Scraped caption text data

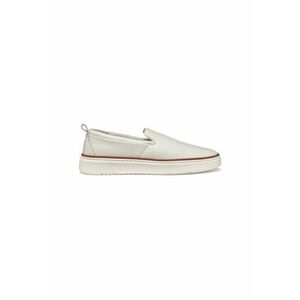 Pantofi barbati Piele naturala - Alb - Alb imagine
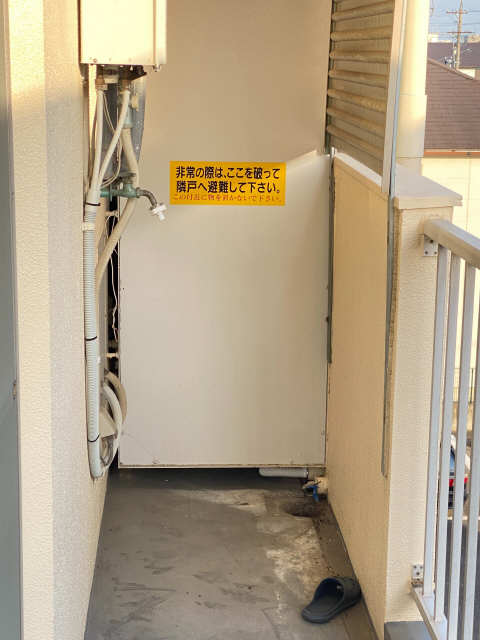 藤里ハイツ　Ａ－３号室 3階 洗濯機置場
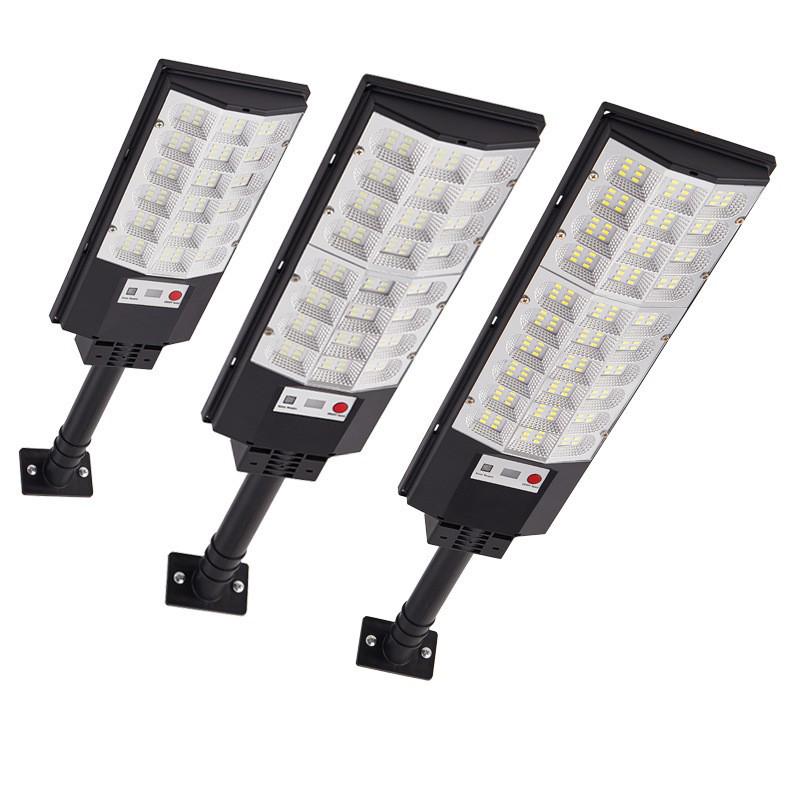 Solar-Powered Outdoor Motion Sensor Street Light for Gardens and Roads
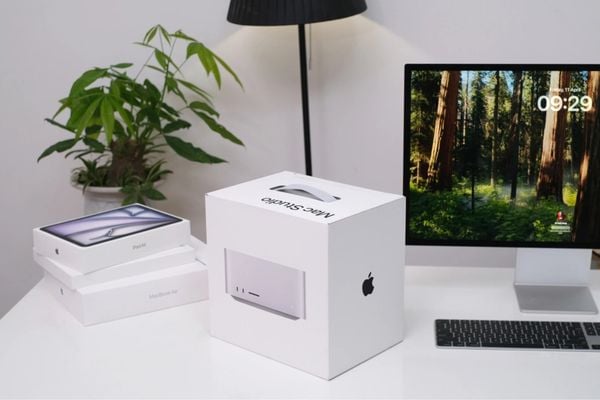 Mở hộp Mac Studio 2025 – 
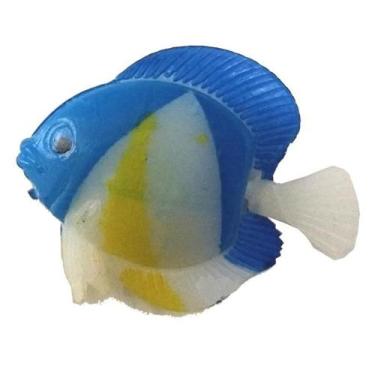 Imagem de Peixe Flutuante De Plástico Para Aquário F-56I - SKR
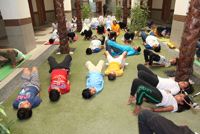 International Yoga Day at Gaurs International School 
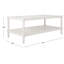 Gladston Solid Wood Top Coffee Table-1835808993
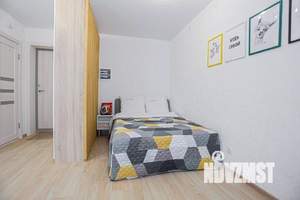 1-к квартира, посуточно, 25м2, 1/1 этаж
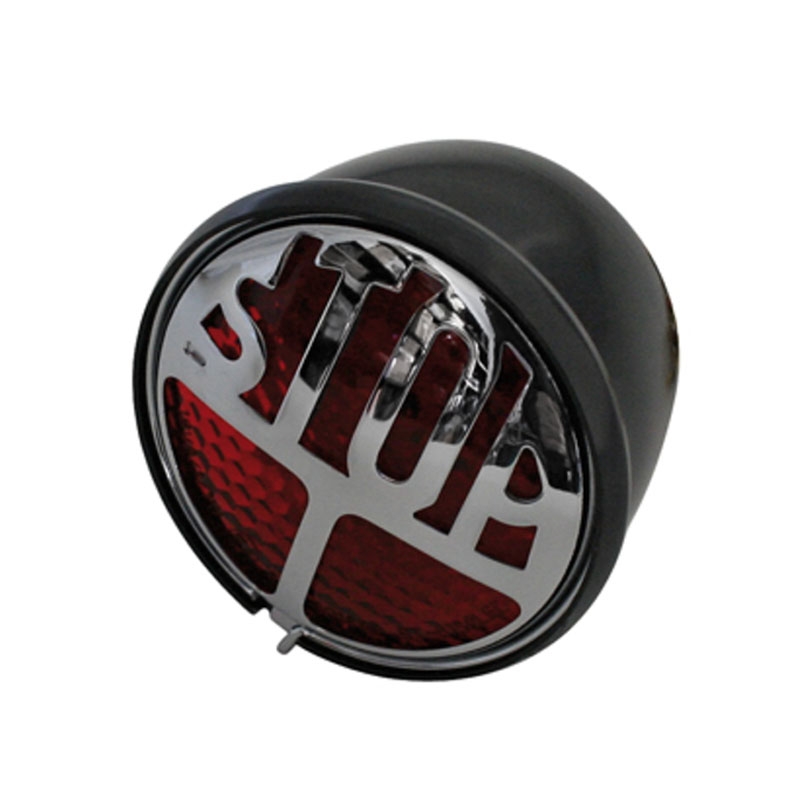 Tagumine LED-tuli Highsider Smart must-punane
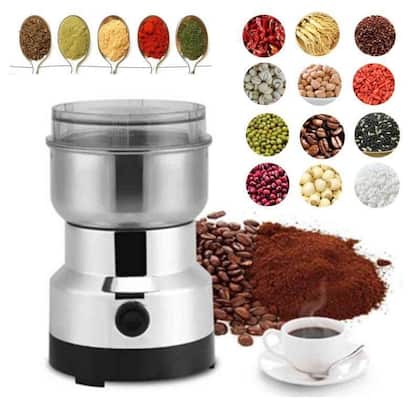Imagem de Triturador Moedor De Grãos Pimenta Café Tempero Castanha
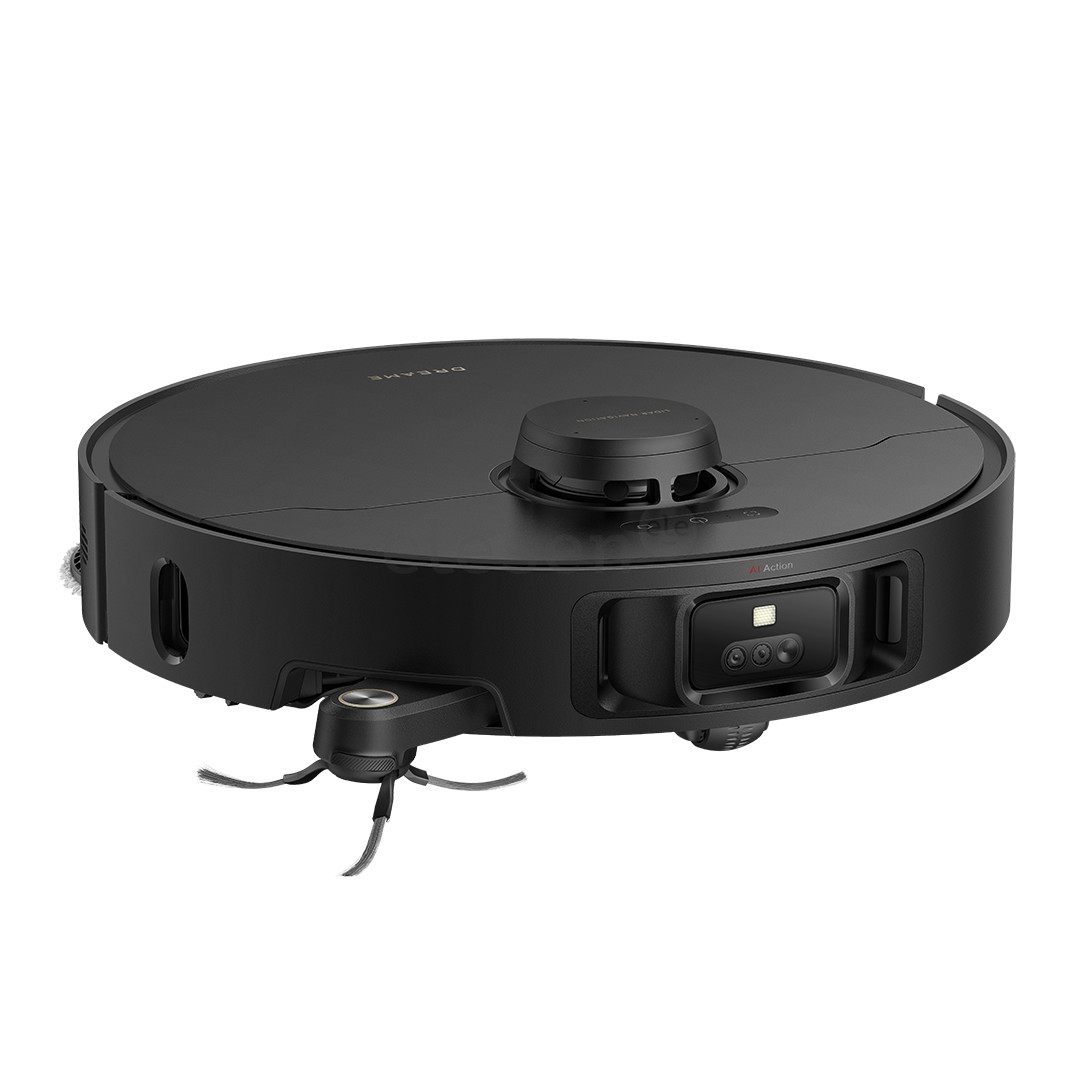 Dreame L40s Pro Ultra, wet & dry, black - Robot vacuum cleaner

**Exercise prompt:** Reproduce, exactly and with no pictures, the lines from the line containing "International Yoga Day" through the closing line of the data above, keeping both ends.

**Output for this task:**
 International Yoga Day at Gaurs International School 
 Gladston Solid Wood Top Coffee Table-1835808993
 1-к квартира, посуточно, 25м2, 1/1 этаж
 Tagumine LED-tuli Highsider Smart must-punane
Imagem de Triturador Moedor De Grãos Pimenta Café Tempero Castanha
 Dreame L40s Pro Ultra, wet & dry, black - Robot vacuum cleaner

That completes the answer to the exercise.